The Government of Canada announced funding last week for an updated, comprehensive overview of the right-wing extremist movement in Canada as part of an effort to better understand extremism and prevent radicalization before violent incidents occur.
The University of Ontario Institute of Technology will receive $366,985 over three years from the Canadian government to examine right-wing extremism through interviews with law enforcement, community anti-hate activists, and former and current extremists. The university and the Institute for Strategic Dialogue in London, UK, will also analyze online content and media coverage to inform local responses to hate speech and hate crime.
The research will culminate in an up-to-date national survey on the beliefs, motivations, activities, and connections that characterize right-wing extremism in Canada. This information will support law enforcement, the intelligence community, policy makers, and community organizations.
"The most important job of a government is to keep its citizens safe," Karen McCrimmon, Parliamentary Secretary to the Minister of Public Safety and Emergency Preparedness, said in a press release. "Daesh and Al-Qaeda are not the only sources of dangerous extremist violence. A growing concern is right-wing extremism, such as white supremacists and neo-Nazis who fuel violent anti-Semitism. It is critical that we understand the factors that are leading towards hate and intolerance, including how right-wing extremism can inspire the murder of six Canadian citizens near Quebec City, and how it can feed misogynistic violence, such as the brutal van attack along Yonge Street in Toronto.
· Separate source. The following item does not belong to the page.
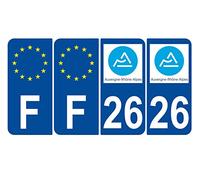 Supstick 4 Stickers Autocollants Plaques Immatriculation Auto Dept 26 Auvergne Rhône Alpes Bleu Foncé Angles Arrondis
Working with Canadian and international experts to deepen our understanding of these issues will help us prevent them. Our country is strengthened by its diversity, and members of all communities must feel safe and be safe in Canada."
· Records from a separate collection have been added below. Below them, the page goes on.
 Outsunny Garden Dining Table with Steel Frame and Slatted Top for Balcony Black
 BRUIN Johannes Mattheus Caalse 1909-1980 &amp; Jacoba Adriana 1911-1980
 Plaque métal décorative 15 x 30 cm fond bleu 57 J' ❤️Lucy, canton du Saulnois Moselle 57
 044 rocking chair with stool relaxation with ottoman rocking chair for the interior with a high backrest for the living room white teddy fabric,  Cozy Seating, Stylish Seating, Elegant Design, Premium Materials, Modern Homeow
The attack in Quebec City was carried out by a lone gunman who opened fire at a mosque, killing six and wounding 18 people during evening prayers on 29 January, 2017. The perpetrator, a 27-year-old college student, is described as a loner with anti-immigrant and anti-feminist views.
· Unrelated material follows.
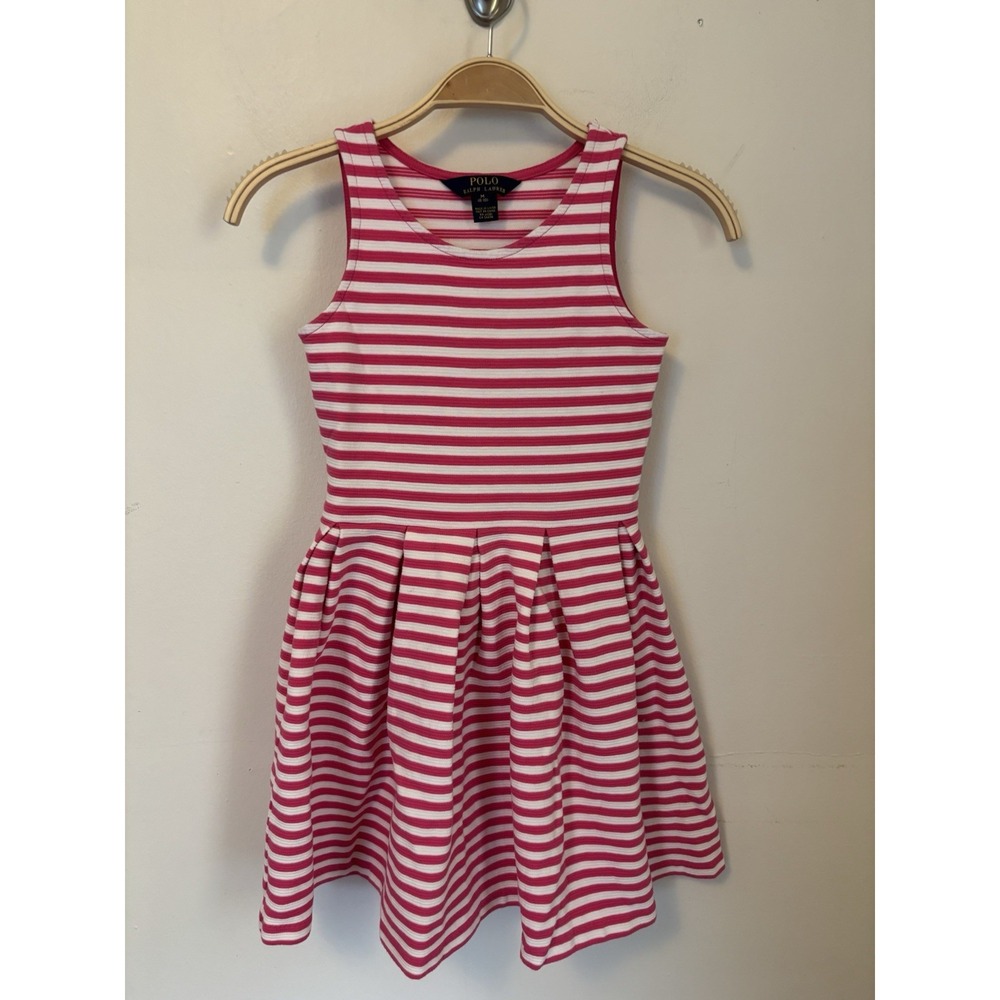 Polo Ralph Lauren Girls Dress Ribbed Pink White Striped Medium Preppy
The vehicle attack on Yonge Street, Toronto, on 23 April 2018, killed 10 people and wounded many others. The suspect praised mass shooter Elliot Rodger and referenced the Incel (or "involuntary celibate") community in a Facebook message posted minutes before the attack began.
Security Management's March cover story, "Alone Together and Angry: An Incel Revolution," investigates the Incel movement and what risks it poses to safety and security.
"Much like other recognized extremist groups, there is a well-worn path leading from radicalization to mobilization. In many ways the path to becoming an Incel is no different from the path to other extremist groups like ISIS. The Internet has allowed isolated people to connect, which in turn can increase the potential for radicalization," Steven Crimando wrote.
"With the support of the Community Resilience Fund, our project will garner crucial insights into the contemporary dynamics of right-wing extremism in Canada," Dr. Barbara Perry, a professor and faculty member at the University of Ontario Institute of Technology, said in a press release about the new Canadian research project. "The landscape in Canada has changed dramatically since we published the first study in 2015. Since then, right-wing extremism groups seem to have grown in number, membership and visibility. This is a disturbing trend that creates a hostile, frightening environment for some communities. The project will help to identify vulnerabilities that can be exploited to weaken the movement."